And neither of them are a number on scale. Well, one SORT of is, but it’s not about the number.
The short version of the long story is on March 6th, 2019, I weighed 270 pounds and decided that was enough. Today, I weigh 210. GW is 180.
Ok, so I just graduated college (barely made it out before 30) and as a grad gift, my parents gave us their time share for half of a week. Last weekend, my wife and I went out to Palm Springs and stayed at the Mariott resort. It was amazing. The last few vacations we went on, my wife would go down to the pool while I sat in our room and read books and watched movies. This time, I bought a bathing suit, and actually payed out in the sun and went swimming in front of other people. I NEVER do that, and no part of me felt self conscious about it. I actually felt a little good, because I felt like I was showing off that I wasn’t obese (I don’t have a beach body by any means, let’s get real) but I wasn’t ashamed to be seen. For the first time in like... ever.
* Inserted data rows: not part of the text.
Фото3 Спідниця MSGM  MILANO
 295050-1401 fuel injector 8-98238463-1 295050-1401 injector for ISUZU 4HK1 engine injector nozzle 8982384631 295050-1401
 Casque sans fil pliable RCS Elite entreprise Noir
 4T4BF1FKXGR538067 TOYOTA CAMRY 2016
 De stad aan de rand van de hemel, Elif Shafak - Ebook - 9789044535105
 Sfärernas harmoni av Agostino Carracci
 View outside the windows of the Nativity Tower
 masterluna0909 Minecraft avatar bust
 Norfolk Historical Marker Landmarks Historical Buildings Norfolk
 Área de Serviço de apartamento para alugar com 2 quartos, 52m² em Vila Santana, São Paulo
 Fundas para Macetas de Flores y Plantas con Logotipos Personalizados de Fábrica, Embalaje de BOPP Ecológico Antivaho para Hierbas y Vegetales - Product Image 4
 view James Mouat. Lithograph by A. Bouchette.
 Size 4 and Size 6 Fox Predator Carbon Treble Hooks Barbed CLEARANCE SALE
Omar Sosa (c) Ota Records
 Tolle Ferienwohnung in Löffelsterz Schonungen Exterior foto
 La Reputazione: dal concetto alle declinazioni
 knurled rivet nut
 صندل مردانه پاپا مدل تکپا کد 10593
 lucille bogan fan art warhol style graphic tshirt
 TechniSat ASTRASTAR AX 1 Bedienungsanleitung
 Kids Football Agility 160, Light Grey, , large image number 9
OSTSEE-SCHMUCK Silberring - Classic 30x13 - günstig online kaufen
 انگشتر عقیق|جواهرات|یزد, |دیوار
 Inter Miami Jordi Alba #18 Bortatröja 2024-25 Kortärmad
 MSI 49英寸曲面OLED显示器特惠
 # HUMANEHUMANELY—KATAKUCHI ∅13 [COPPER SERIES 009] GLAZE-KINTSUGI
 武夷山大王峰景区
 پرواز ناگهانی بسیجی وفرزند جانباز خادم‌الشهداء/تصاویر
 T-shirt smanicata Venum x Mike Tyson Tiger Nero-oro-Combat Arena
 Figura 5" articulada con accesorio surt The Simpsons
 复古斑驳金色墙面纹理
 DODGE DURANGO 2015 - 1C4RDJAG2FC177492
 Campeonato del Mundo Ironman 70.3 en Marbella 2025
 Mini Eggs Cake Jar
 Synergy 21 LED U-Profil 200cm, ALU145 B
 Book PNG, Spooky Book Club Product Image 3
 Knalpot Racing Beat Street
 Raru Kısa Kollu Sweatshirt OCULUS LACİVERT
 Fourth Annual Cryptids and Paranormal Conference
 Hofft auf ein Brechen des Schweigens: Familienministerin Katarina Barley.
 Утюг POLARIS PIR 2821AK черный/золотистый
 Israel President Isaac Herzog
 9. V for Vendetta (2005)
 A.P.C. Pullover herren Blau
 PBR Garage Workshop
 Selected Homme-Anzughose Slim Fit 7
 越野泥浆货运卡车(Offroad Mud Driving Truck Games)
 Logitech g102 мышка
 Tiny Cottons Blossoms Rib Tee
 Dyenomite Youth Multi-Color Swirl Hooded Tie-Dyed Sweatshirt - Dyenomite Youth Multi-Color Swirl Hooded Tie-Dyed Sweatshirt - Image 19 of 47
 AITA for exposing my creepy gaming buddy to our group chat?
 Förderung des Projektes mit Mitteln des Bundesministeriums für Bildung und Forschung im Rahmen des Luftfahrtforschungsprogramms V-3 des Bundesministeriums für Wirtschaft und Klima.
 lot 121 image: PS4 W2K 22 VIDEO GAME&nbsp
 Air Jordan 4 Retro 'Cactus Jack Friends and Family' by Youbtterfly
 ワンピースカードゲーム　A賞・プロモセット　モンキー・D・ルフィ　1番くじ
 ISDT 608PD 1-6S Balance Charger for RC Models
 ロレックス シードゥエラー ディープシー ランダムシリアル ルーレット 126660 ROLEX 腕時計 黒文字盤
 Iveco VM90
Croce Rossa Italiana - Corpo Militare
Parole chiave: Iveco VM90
Here’s the second milestone; I didn’t give a fuck about my diet all weekend. I just enjoyed myself. I ate what I wanted, and had some amazing meals. But, what I wanted was very different from what I wanted before, and my portions are back in control now that my stomach has shrunken a bit. I was 214 when I left, and expected to weigh 218-220 when I got back...
But I was 211. More than the number, the milestone here was that I was able to enjoy myself and not think about counting every calorie, and still eat healthy and in control.